TASK ITEM →
Please copy all of the data that follows exactly, leaving any pictures out.

DATA SECTION →
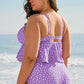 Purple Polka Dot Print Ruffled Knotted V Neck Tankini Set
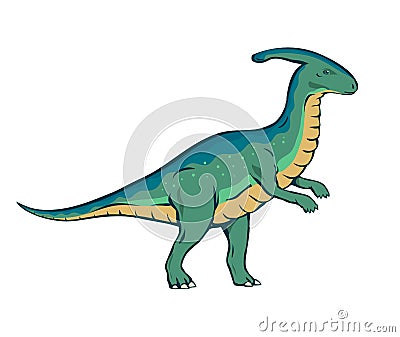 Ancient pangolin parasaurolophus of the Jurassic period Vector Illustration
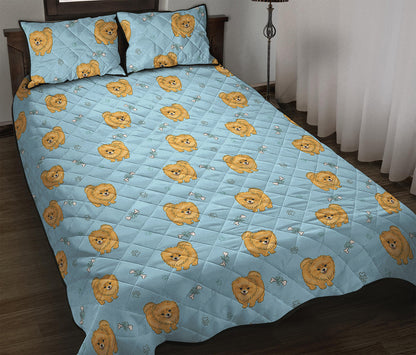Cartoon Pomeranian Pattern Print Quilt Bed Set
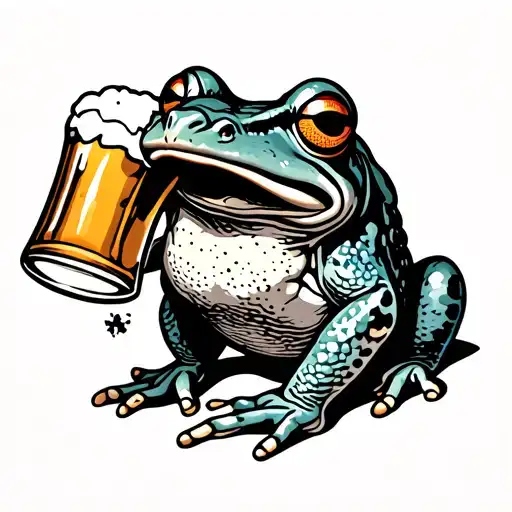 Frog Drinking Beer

EXERCISE SOLUTION →
 Purple Polka Dot Print Ruffled Knotted V Neck Tankini Set
 Ancient pangolin parasaurolophus of the Jurassic period Vector Illustration
Cartoon Pomeranian Pattern Print Quilt Bed Set
 Frog Drinking Beer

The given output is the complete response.